Barriers restrict execution of code beyond a specific point, allowing all threads contributing to a result to catch up and finish before any thread then proceeds with the result. Reduction algorithms are an example that may involve several threads computing a single result.

There are at least two ways of implementing these two tools, and both have a cost. “Sometimes what people do when you reach a barrier is the equivalent of going to sleep, and something like an interrupt wakes them up again,” explained Woo. “Interrupts are expensive, and it’s going to take a lot of time both to send all the release messages and to get the cores up and running again.” The upside is this saves power because the cores sleep while waiting.

Another approach employs flags or semaphores, and cores execute a busy loop polling the flag to see when it changes. “When the memory location changes value, that’s when they know they can move forward,” said Woo. Such a technique has a much faster response since it involves no interrupt, but more energy is consumed by the cores spinning as they wait.

In addition, threads on an idle core may be swapped out for some other thread in the meantime, and those context swaps are also expensive. “When a task is suspended to yield a processor core while waiting for other tasks to catch up, a significant penalty is incurred from context switching overhead,” noted Wani.

Finally, just as with coherency, once a barrier or lock is released, messages go out to other cores, and for a many-core unit those cycles can add up to thousands. “If you have 100 CPUs in your system, commands will be propagated to all the CPUs in the system,” explained Piry. “And all CPUs will receive the synchronization request and acknowledge that it is received and completed.
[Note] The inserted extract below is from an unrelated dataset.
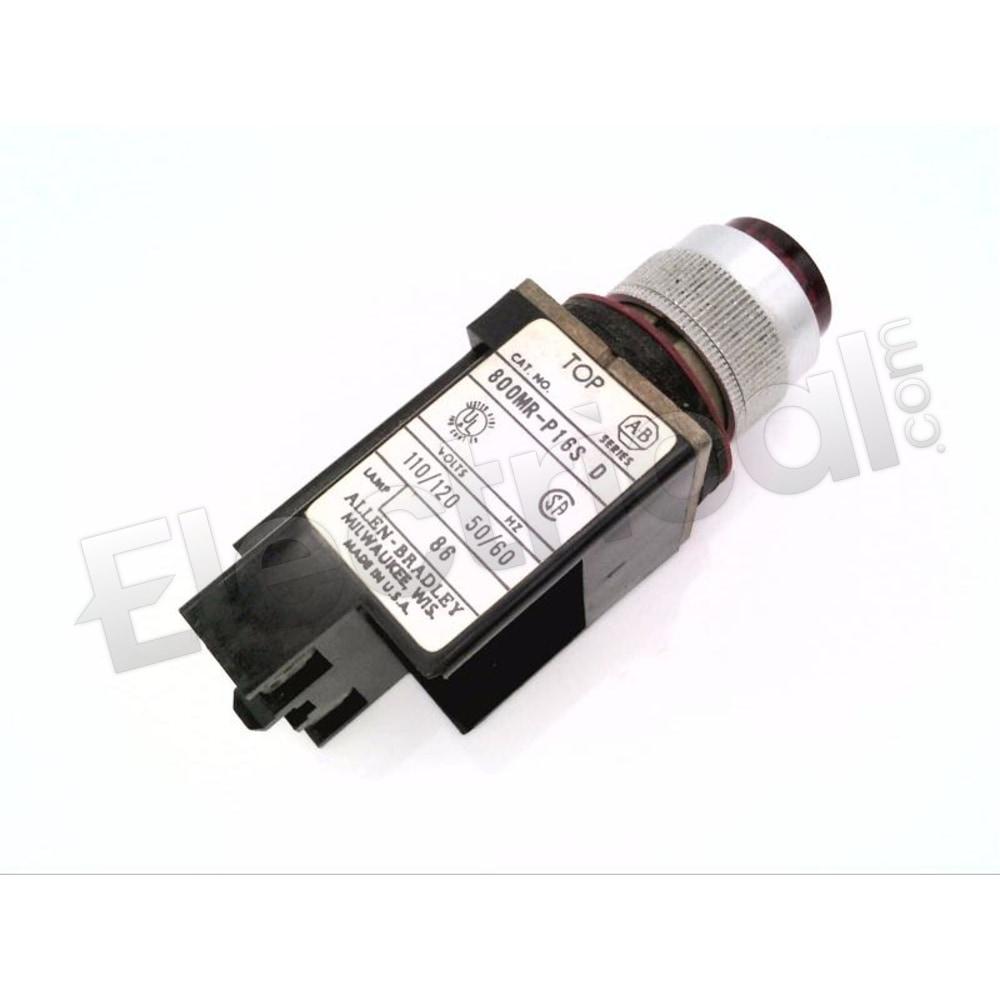 Allen-Bradley Motor Control Part And Accessory 800MR-P16RS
In addition, they will need to operate on the command, and this is what can take thousands of cycles.”

Fig. 3: Synchronization delays. The top shows CPU n setting up a barrier; it then takes longer to compute its part than the other CPUs. Therefore, the others must wait once finished until CPU n releases the barrier. Similarly, when a CPU sets up a lock, no other CPU can access that data until the lock is released. Source: Bryon Moyer/Semiconductor Engineering

“The CPU hardware can help by providing an instruction set and memory architecture that optimizes thread synchronization and data sharing,” said Wani. Some small processors for embedded use come with hardware semaphores or mailboxes to speed synchronization. That approach, while suitable for a small CPU, doesn’t scale well.

More complex units implement specific instructions, such as in-memory atomics. They perform a read/modify/write sequence atomically, meaning that no other entity can see or influence the results until it’s complete. Such instructions help avoid what would otherwise be data hazards requiring explicit synchronization.

Program architecture is also an important tool. “Synchronization overhead is best addressed by adopting a software architecture that reduces the frequency at which threads need to synchronize,” said Wani.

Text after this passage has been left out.